For the records that follow, please set down exactly the lines between the one holding "High school student" and the one holding "MT license plate 333334", inclusive, and only those.

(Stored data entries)
──────────

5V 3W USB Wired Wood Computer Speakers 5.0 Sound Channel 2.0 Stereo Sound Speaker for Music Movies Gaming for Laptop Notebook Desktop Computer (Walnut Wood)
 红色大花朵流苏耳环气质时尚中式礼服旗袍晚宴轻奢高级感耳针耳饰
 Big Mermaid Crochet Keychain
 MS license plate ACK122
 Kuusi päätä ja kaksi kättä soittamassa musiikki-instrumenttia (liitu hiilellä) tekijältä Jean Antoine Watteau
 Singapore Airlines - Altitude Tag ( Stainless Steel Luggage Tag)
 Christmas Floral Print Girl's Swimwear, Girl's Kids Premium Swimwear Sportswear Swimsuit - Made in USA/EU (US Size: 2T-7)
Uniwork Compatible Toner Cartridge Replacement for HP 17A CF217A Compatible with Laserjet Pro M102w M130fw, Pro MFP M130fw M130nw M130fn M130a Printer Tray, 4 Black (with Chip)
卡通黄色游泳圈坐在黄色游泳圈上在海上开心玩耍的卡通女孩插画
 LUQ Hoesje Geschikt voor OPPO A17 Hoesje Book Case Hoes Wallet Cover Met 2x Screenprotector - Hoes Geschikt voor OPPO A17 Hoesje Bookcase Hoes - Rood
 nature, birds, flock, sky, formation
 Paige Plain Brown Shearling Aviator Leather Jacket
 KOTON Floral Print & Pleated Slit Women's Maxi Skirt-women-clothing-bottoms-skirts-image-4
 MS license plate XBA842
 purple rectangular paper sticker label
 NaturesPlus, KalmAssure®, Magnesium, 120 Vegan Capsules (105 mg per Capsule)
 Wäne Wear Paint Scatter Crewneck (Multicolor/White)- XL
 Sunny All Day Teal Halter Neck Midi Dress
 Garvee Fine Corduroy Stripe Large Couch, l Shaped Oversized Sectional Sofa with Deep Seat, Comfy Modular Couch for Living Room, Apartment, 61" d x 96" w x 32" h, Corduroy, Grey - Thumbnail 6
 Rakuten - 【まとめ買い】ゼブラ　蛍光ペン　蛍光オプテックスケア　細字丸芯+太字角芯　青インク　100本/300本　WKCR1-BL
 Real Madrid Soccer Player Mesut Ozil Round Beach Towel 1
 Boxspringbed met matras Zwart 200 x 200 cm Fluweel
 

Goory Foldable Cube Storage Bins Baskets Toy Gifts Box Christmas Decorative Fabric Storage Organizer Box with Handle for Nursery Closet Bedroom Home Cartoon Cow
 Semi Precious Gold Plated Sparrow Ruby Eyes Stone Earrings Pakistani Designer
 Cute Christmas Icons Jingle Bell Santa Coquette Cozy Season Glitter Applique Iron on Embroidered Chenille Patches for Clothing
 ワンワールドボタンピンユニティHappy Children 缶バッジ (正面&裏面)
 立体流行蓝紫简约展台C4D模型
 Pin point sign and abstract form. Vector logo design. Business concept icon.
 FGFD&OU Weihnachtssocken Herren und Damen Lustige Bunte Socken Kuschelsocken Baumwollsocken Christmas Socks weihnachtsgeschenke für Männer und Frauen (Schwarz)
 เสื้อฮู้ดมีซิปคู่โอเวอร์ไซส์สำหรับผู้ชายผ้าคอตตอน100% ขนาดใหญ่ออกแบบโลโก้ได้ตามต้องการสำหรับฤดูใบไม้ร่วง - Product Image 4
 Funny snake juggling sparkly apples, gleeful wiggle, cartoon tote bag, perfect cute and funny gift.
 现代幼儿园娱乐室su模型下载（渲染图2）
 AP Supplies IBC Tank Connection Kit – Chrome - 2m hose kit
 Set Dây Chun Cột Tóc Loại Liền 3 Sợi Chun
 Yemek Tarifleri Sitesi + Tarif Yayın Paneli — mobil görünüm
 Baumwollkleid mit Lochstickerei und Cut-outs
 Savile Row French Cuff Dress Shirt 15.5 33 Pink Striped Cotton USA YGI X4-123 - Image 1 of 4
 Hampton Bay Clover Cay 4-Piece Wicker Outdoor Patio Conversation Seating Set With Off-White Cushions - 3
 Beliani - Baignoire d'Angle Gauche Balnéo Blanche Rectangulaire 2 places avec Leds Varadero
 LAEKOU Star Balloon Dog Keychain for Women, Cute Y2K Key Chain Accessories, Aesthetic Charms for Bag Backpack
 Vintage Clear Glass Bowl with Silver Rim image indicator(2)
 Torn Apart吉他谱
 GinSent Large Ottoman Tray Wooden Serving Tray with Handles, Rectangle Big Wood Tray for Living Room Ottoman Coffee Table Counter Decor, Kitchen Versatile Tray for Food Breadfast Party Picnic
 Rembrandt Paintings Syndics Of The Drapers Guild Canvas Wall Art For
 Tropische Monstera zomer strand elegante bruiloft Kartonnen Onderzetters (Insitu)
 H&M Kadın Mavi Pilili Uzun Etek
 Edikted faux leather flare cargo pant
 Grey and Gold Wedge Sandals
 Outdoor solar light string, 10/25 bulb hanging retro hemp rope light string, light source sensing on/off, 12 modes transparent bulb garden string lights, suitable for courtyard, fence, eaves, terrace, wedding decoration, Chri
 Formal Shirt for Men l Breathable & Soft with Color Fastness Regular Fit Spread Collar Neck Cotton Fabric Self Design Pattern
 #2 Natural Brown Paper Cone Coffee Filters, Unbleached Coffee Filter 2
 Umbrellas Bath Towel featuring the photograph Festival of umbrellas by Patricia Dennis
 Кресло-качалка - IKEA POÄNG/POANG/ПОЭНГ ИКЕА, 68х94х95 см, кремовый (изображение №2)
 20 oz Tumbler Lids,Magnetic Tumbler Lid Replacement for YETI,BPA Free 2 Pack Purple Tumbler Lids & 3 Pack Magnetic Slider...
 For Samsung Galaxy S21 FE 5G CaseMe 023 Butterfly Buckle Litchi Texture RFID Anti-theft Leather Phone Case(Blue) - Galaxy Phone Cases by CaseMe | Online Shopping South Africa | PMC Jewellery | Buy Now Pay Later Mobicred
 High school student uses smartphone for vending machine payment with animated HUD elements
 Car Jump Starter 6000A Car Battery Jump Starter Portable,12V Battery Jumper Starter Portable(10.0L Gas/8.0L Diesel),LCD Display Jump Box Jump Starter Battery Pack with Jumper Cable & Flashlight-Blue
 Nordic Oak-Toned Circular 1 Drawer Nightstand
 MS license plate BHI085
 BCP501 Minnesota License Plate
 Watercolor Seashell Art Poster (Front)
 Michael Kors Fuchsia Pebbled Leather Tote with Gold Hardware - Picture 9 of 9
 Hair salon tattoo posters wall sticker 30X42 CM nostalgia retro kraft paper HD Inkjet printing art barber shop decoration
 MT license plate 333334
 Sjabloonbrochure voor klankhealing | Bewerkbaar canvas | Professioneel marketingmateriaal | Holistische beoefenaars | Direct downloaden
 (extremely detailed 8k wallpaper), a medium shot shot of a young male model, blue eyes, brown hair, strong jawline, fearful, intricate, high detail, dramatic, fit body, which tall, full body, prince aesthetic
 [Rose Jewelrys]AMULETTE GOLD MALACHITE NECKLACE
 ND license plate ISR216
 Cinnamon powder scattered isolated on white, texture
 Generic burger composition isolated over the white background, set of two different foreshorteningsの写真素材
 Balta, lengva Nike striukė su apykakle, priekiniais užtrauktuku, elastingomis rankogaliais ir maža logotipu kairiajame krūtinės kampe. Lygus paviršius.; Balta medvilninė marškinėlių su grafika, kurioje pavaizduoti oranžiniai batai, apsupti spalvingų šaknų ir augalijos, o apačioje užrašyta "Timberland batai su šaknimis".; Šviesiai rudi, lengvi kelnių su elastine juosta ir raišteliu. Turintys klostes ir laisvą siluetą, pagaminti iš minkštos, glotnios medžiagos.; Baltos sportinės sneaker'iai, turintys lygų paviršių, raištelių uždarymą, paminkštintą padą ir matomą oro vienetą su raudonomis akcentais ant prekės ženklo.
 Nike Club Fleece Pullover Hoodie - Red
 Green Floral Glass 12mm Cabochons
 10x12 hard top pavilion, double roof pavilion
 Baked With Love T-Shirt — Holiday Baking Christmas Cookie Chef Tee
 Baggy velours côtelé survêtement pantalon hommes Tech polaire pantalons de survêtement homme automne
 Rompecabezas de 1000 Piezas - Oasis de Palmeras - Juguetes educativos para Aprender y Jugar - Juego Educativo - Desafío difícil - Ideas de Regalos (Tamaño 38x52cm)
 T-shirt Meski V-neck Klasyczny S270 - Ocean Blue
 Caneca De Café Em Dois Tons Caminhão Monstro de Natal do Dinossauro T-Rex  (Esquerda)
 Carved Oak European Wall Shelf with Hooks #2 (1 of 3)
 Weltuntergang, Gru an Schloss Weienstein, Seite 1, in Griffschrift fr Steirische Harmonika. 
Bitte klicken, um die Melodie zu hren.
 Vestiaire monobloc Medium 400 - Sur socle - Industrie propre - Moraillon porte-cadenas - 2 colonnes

──────────

→ Reply to the task
 High school student uses smartphone for vending machine payment with animated HUD elements
 Car Jump Starter 6000A Car Battery Jump Starter Portable,12V Battery Jumper Starter Portable(10.0L Gas/8.0L Diesel),LCD Display Jump Box Jump Starter Battery Pack with Jumper Cable & Flashlight-Blue
 Nordic Oak-Toned Circular 1 Drawer Nightstand
 MS license plate BHI085
 BCP501 Minnesota License Plate
 Watercolor Seashell Art Poster (Front)
 Michael Kors Fuchsia Pebbled Leather Tote with Gold Hardware - Picture 9 of 9
 Hair salon tattoo posters wall sticker 30X42 CM nostalgia retro kraft paper HD Inkjet printing art barber shop decoration
 MT license plate 333334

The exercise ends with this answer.